As Lanoga had purchased Spenard Builders Supply (SBS) and other builder's store in Fairbanks and Anchorage in 1978, the company's reach extended to Alaska. SPS was founded in 1952 and as of 2022, has 10 retail locations throughout Alaska and four manufacturing locations where it makes roof trusses and other milled lumber products. It continues to operate under the Spendard name.

The subsequent acquisitions of Hope Lumber and Supply and other lumber suppliers made ProBuild the largest professional building materials dealer in the United States by 2007 with more than 506 locations nationwide.

Following the downturn of the housing market in the United States in 2008, ProBuild consolidated a number of facilities and exited several markets, including Chicago and Pittsburgh. As was the case with much of the home building industry, sales fell during the downturn. ProBuild reported just over $3 billion in sales in 2009, down from at 2006 peak of $6 billion. By 2013, the company reported a nine percent increase in sales from the prior year.

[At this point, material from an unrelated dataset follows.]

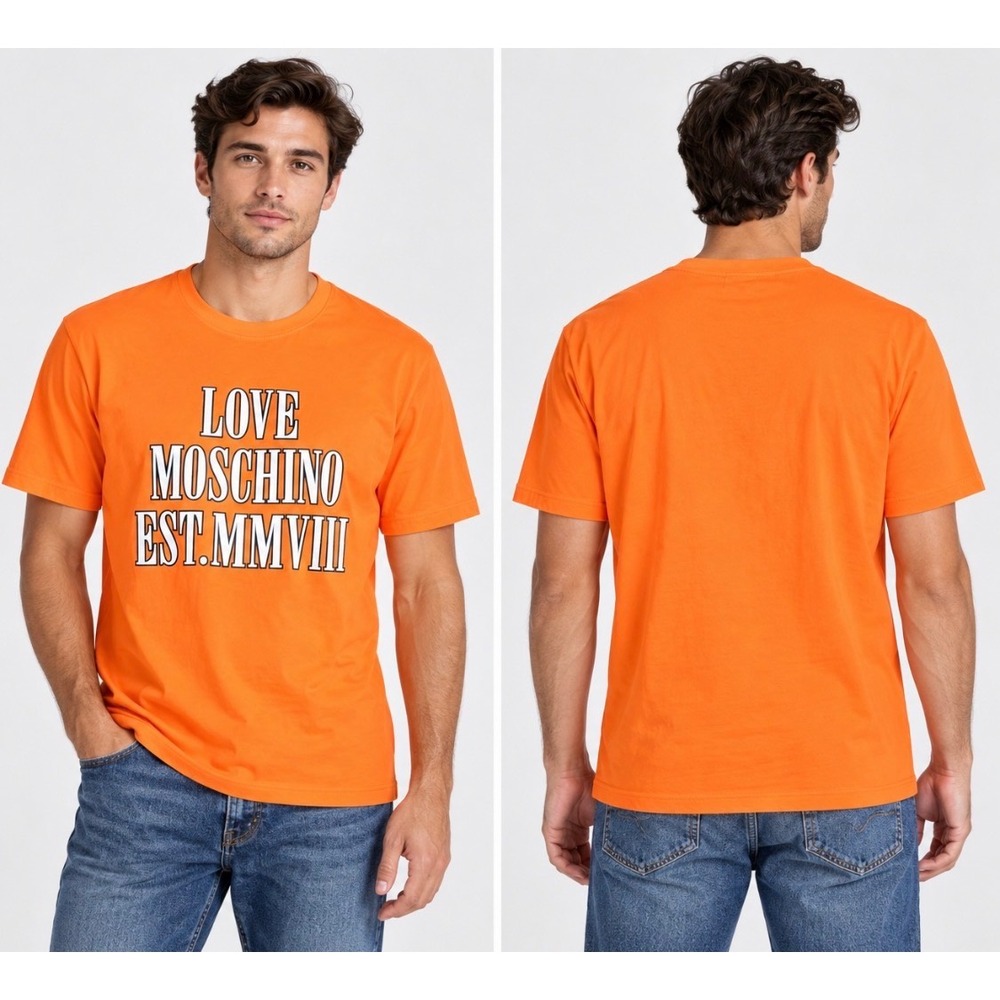 Love Moschino Orange Graphic Logo T-Shirt Men's Large Crew Neck Short Sleeve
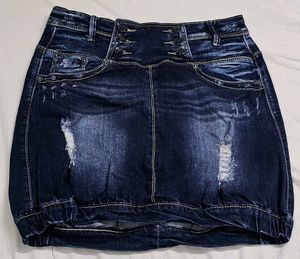 DROMEDAR Denim Art Distressed Mini Skirt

On July 31, 2015, Builders FirstSource acquired ProBuild Holdings LLC, creating a more diversified company with enhanced scale and improved geographic footprint. The combined company, on a pro forma basis, generated over $6 billion in annual revenue in 2015 and currently operates approximately 400 locations in 40 states, with a market presence in 74 of the top 100 Metropolitan Statistical Areas in the United States.